Segment Start: SUPPLIED INFORMATION

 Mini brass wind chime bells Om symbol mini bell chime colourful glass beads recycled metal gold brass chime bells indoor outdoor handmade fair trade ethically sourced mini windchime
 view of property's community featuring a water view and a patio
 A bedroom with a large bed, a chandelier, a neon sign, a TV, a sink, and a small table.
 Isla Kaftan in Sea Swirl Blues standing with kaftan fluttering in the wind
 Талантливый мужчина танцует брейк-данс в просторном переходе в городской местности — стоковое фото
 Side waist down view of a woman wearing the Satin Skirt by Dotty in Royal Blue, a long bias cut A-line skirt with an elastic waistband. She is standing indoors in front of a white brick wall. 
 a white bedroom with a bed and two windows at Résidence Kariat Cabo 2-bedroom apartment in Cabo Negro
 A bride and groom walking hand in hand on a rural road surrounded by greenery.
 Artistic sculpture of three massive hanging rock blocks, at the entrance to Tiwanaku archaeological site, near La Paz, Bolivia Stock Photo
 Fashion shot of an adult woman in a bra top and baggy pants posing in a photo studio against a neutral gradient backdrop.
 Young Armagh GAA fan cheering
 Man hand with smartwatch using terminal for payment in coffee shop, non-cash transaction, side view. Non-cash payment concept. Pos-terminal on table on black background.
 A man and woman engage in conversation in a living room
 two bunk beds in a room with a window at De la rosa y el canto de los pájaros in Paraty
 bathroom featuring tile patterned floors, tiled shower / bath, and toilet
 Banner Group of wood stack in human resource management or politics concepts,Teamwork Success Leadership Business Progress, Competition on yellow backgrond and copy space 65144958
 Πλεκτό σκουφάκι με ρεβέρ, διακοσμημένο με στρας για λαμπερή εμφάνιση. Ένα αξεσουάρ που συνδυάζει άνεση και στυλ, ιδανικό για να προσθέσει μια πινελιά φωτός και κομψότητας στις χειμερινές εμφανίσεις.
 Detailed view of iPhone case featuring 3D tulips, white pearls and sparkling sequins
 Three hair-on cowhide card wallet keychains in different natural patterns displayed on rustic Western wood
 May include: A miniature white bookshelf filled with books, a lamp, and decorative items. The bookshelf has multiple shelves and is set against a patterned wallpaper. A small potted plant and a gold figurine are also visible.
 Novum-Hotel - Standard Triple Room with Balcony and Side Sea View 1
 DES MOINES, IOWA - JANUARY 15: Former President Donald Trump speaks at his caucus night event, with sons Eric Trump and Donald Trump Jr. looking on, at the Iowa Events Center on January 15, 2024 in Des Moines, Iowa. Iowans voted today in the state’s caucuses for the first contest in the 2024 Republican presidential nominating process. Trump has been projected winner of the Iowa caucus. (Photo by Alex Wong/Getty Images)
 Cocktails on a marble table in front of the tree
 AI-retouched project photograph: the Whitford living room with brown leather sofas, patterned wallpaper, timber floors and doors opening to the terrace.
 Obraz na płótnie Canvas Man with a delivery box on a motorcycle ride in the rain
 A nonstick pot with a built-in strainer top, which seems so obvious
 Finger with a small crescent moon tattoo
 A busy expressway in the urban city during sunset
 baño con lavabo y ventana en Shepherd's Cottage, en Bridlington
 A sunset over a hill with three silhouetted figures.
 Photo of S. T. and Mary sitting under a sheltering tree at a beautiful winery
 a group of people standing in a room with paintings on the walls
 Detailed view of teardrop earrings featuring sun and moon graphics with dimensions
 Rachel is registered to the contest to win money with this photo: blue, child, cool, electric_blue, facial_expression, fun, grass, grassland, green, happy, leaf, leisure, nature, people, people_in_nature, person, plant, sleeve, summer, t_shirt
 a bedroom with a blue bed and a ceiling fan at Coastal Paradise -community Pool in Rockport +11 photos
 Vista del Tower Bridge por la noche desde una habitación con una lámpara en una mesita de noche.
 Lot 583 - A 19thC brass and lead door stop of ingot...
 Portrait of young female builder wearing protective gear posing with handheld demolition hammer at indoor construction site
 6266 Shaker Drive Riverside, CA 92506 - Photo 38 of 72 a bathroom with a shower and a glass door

Segment End: SUPPLIED INFORMATION

Starting with the line with "a group of people" above and going on through the line with "Detailed view of teardrop", transcribe every line exactly, both ends included, and add nothing.

 a group of people standing in a room with paintings on the walls
 Detailed view of teardrop earrings featuring sun and moon graphics with dimensions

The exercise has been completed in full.